Ramble with Storm: Politics & perch

SHARE Ramble with Storm: Politics & perch

Mulling things on my morning ramble with Storm, the family’s mixed Lab.

Nothing like politics to pull you from your sleep.

Which explains why the meathead and I set out this morning in darkness.

Since last week, I have been having an email exchange with an operative for a Republican candidate for governor, trying to explain the bitterness fishermen in northeast Illinois feel over how regulations for perch fishing on Lake Michigan are administrated in Illinois.

It begins with the unfilled promise from the 1990s that the four Lake Michigan states would have similar regulations. Never happened then, and hasn’t since.

Illinois has had the oddest and most restrictive regulations, from the early regulations after the perch crash, which included the absurdity of a protected slot for perch of 8-10 inches.

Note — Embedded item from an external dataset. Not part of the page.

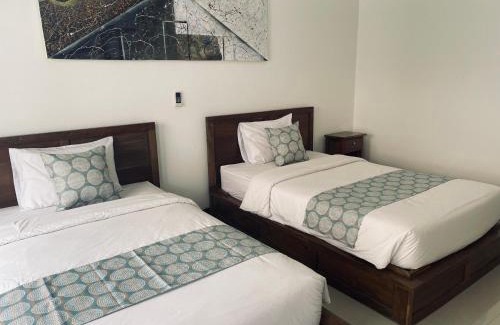 Selong Belanak House | Selong Holiday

I think that regulation set the tone.

Not to mention the forced closure for a month. For the past 13 or 14 years, that closure has been in July. And will be here again next year, the election year of 2014.

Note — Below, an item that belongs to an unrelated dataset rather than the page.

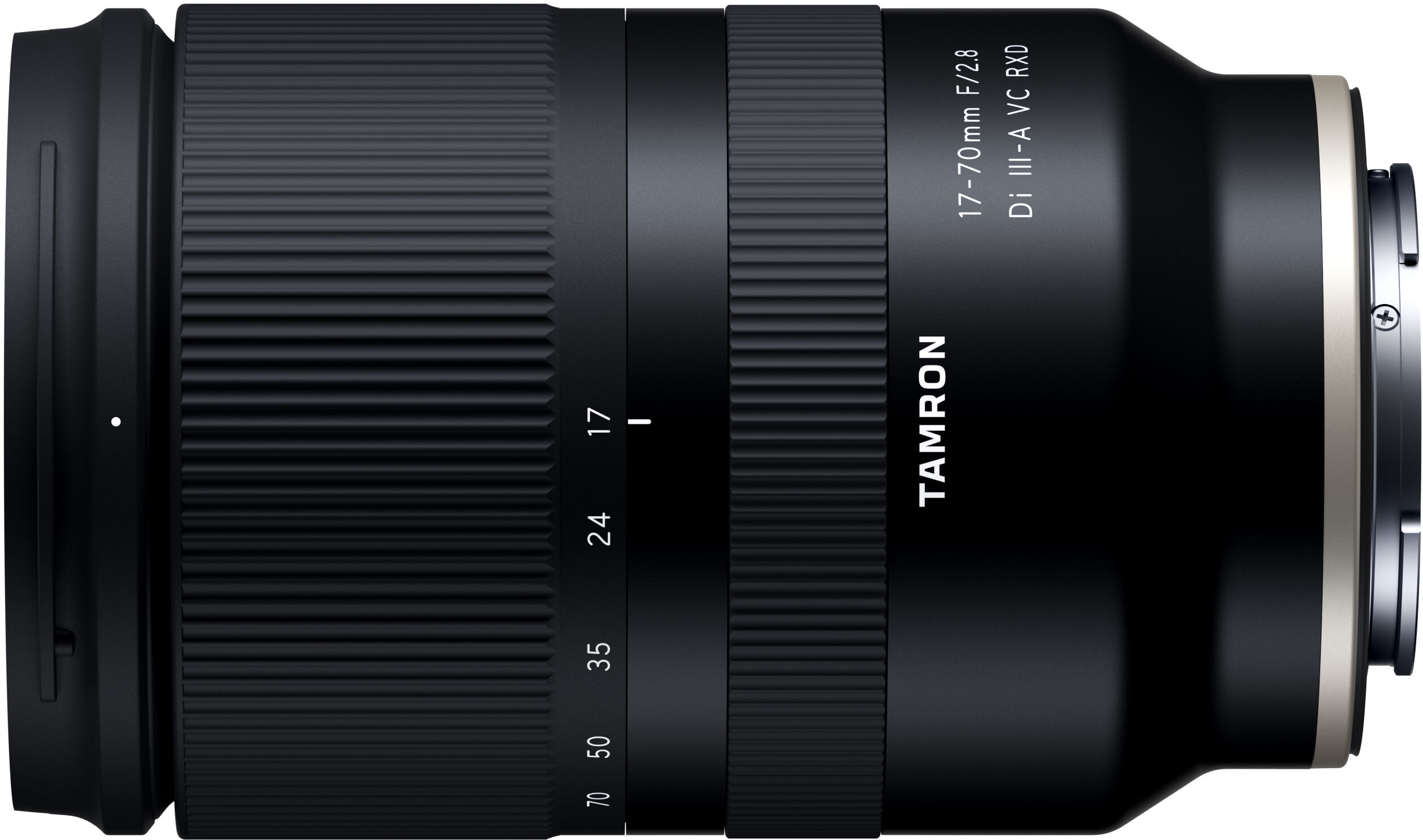 Tamron 17-70mm f/2.8 DI III-A RXD Sony E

The point isn’t just the restrictive regulations. Fishermen know perch are in trouble and had no trouble going along with the drastic reduction in the daily bag to 15.

The problem is the closure for a month of the fishing that defines shore fishing for the ordinary fishermen in Chicago. That is unacceptable.

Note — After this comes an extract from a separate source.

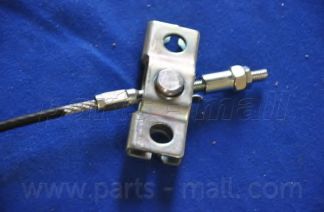 Трос ручного тормоза PARTS-MALL PTA-470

But here is the question: Is it enough to make Chicago Democrats vote for a Downstate Republican?

The anger over the lack of input from the public runs deep, but I don’t know if runs that deep.

As a lifelong Democrat. I vote for Republicans on the local level routinely, because I either know them or know their voting record on local issues.

But on state and national levels, I rarely can get past the stance by Republicans on social issues, no matter how much I may think they have more sensible ideas on economic issues.

And I despise the idea of bringing politics into the management of the outdoors. But politics have always been part of managing the outdoors. And on perch, we are at the point where the general public is flat out ignored on the issue and has regulations stuffed down its throat.

Too early, too dark, for much moving in wildlife.

A lone Canada goose flew over low from the lake to the west as we started the extended ramble.

It was early enough that mourning doves still roosted in trees along the south side of the north old clay pit. They fluttered off noisily as we passed.

A lone Canada goose floated on the south shore of the north pit, and gave me a good honking to when I tried to get a better photo of the unknown blue flower. It did not turn out with the flash in the dark.

The corn was picked yesterday on the field along the far edge of the extended ramble.

When I stopped to try to capture the fog lifting off the south pit, I noticed a big fish (don’t know what kind) exploded from the water.

No doves on the edge of town. No squirrels any where. No rabbits.

Quiet morning, quiet other than the fury of the thoughts churning through my head, making me step livelier than usual.